Tout en tentant de faire croire que sa décision « ne vise en aucun cas les habitants de Carcassonne ou les ressortissants algériens » auxquels, prétend-il, réaffirmer son « respect le plus absolu », Christophe Barthès a indiqué qu’il s’agit d’un « choix politique assumé » à l’égard des autorités algériennes et de « leur attitude à l’égard de la France ».

Comme tout ce que dit l’extrême droite à propos de l’Algérie, le discours de ce maire RN est truffé de mensonges. Déjà, les « fortes tensions diplomatiques » dont il fait état se sont nettement apaisées ces derniers mois et plusieurs ministres du gouvernement français se sont félicités de la reprise du dialogue et de la coopération sur plusieurs dossiers.

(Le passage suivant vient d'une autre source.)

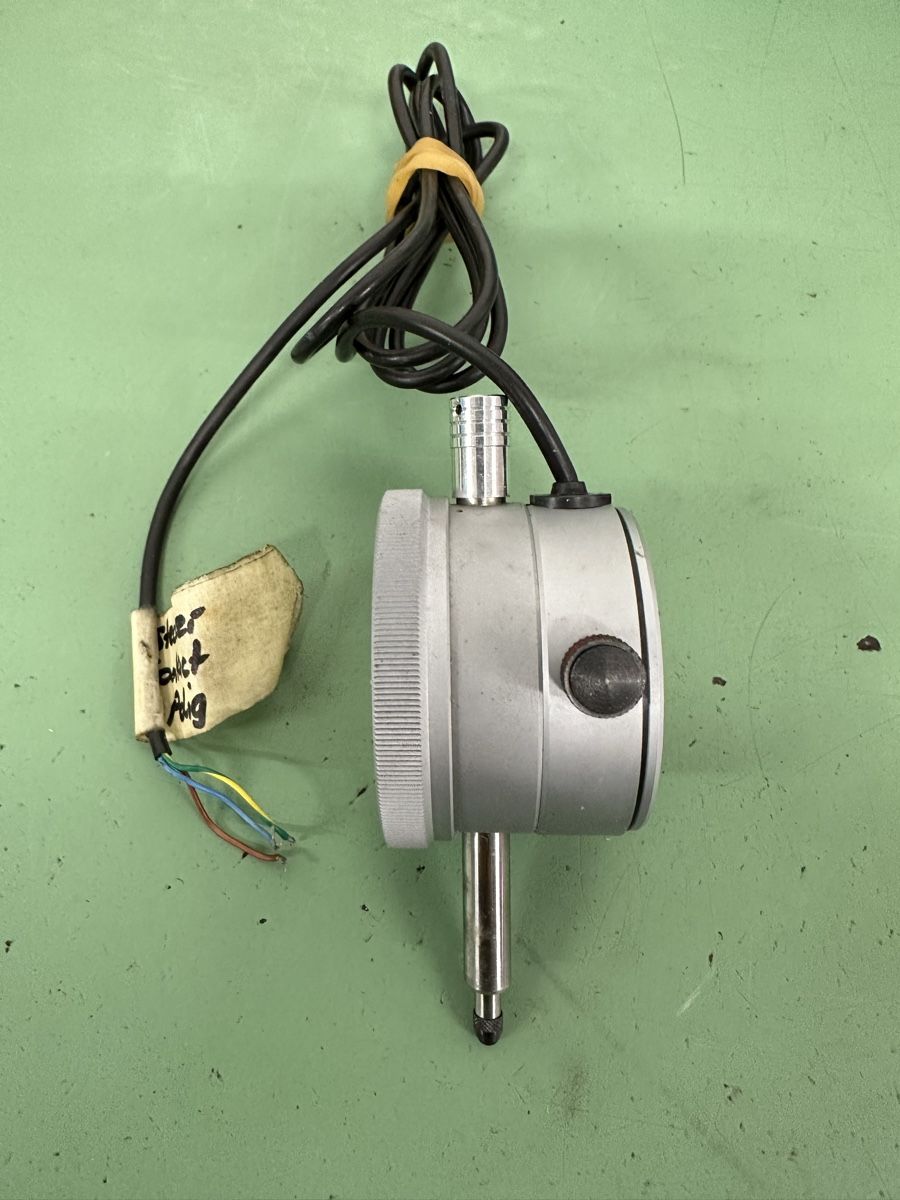 Misurare: Messuhr, Dial gauge. CL2.532 – Usato da Aarberg venduto da SNMachines 2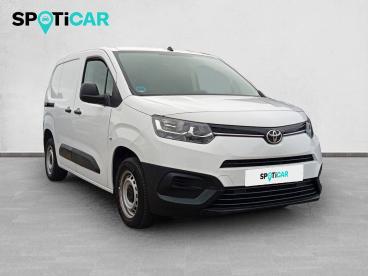 SPOTICAR Toyota Proace 1.5d 75kw (100cv)  650kg Media Gx Ocasion - Comercial Diésel Blanco - Sant Fruitós De Bages - 1202119456_3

Aussi, l’édile de Carcassonne feint d’ignorer que Boualem Sansal a été remis en liberté il y a plus de six mois dans le cadre d’un geste humanitaire du président algérien, bien qu’il soit coupable d’une grave atteinte à l’histoire du pays et à l’intégrité de son territoire.

Quant aux ressortissants algériens qu’il prétend respecter, ce sont bien eux qui subiront les retombées de sa décision irréfléchie en se retrouvant contraints, si la décision est mise à exécution, de faire de longs déplacements pour pouvoir voter le 2 juillet prochain.